There couldn't be a worse time for a new governor to take office, right?
The Legislative Analyst's Office just announced California's budget is $25 billion out of whack, a month after lawmakers approved what they claimed – though never believed – was a balanced budget, 100 days late.
Economists predict that California won't regain the jobs that have been lost during the recession until 2016. There's more. The state fund that pays unemployment benefits to 2.3 million jobless Californians faces a $20 billion deficit.
To outsiders, California might seem a little like the Monty Python character whose arms are chopped off in a sword fight and declares it's only a flesh wound.
But in a weird way, this could be an ideal time for Jerry Brown to return to the Capitol, as he will this week. Assuming the Big One doesn't hit and separate California farther from the rest of the nation, the situation can't get much worse.
For all the talk of doom, deficit and general decline, wealthy individuals still bet on California's future.
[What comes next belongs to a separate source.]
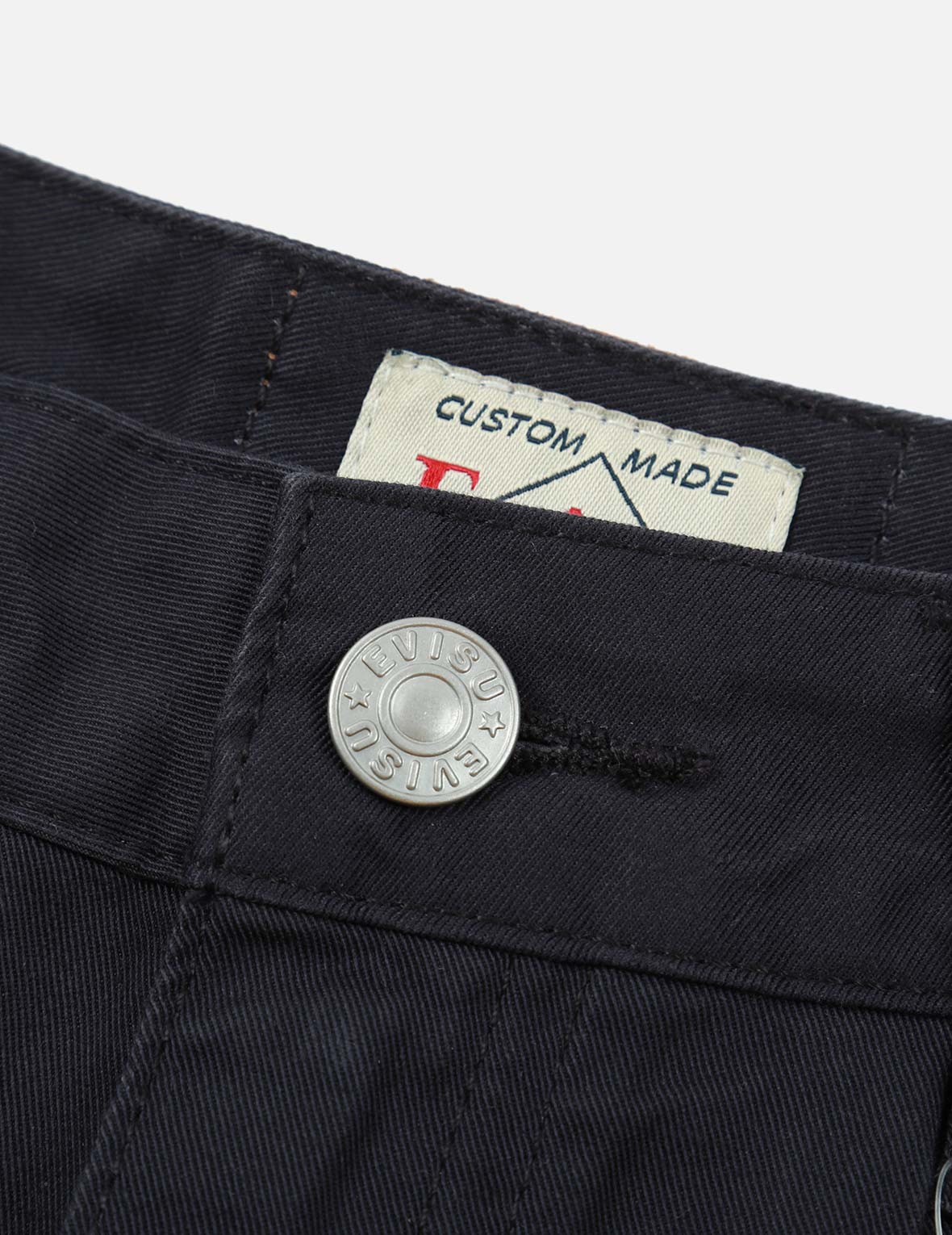 Seagull and Logo Embroidery Cargo Shorts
In the process, they could provide Brown with a much needed hand.
One is Tom Steyer, a hedge fund billionaire from San Francisco who donated $5 million to defeat Proposition 23, the Texas and Kansas oil companies' failed initiative that sought to unravel California's law to combat climate change and reduce greenhouse gases.
Steyer intends to build on the political organization established to defeat Proposition 23, creating a nonprofit entity that would advocate on behalf of implementing the climate-change law, Assembly Bill 32.